Have you ever had a day where it seemed like everything went wrong?
What about a day where it seemed like everything went right?
We’ve all had those days.
Ritual is your interface with Kaltrath, a mythological spirit who can bless or curse your day depending on how you perform his rituals. Do well, and you may receive his blessing!
When the theme for 2016’s Global Game Jam event was announced, I was in the Quantum Nano Centre at University of Waterloo, along with all of the other jammers. I was excited to get started. What could we build along the theme “Ritual”?
My first thoughts were to build a game that would be a mashup between Spy Party and Simon: Around a campfire several tribes-people would be performing a dance under the scrutinous eye of their god. The player would take control of one of the dancers and have to follow along as best they could, lest they be discovered as a fake and dispatched. It reminded me of how poorly I personally do when I have to follow along, two examples being a step class I once attended and later, Tàijíquán. The game would be harrowing but rewarding if you managed to pass under the radar.

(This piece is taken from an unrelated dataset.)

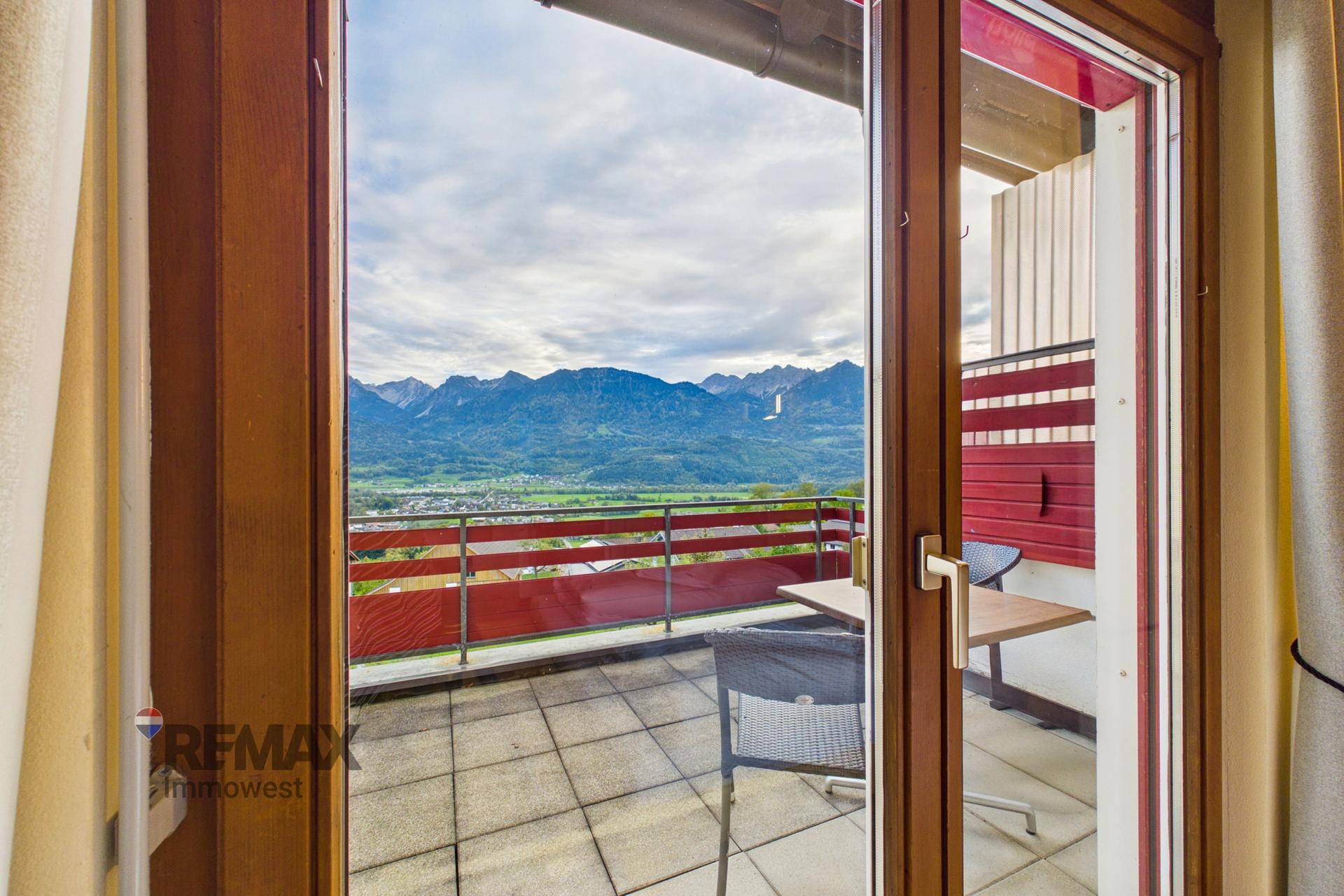 Blick vom Innenraum auf einen Balkon mit Bergblick und Sitzgelegenheiten.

As cool as this idea sounded, it still didn’t seem big enough. It felt gimmicky. Couple that with the fact that I wanted to work solo and I had no real way of building and animating dancers before the weekend was out, I went to bed with the intention of building something, anything, else.

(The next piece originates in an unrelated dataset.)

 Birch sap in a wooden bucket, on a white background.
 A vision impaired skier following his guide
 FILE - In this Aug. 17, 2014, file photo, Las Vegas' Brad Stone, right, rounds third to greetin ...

Suddenly, it struck me: What if I got the player to perform a ritual for the game? Instead of playing a game, they themselves would be played!
I invented a god called Kaltrath. He requires time from your life, which you donate by opening the app on a schedule he demands. If you’re early or late, you are cursed. If you’re on time, you’re blessed. With Ritual, the game play actually affects your life: it breaks the fourth wall. Instead of bringing players deeper into the game, as is the intention of almost every game, this one does the reverse: it comes out of the game into reality.
Players must open the app once per day to receive their blessing. This, itself, is a ritual.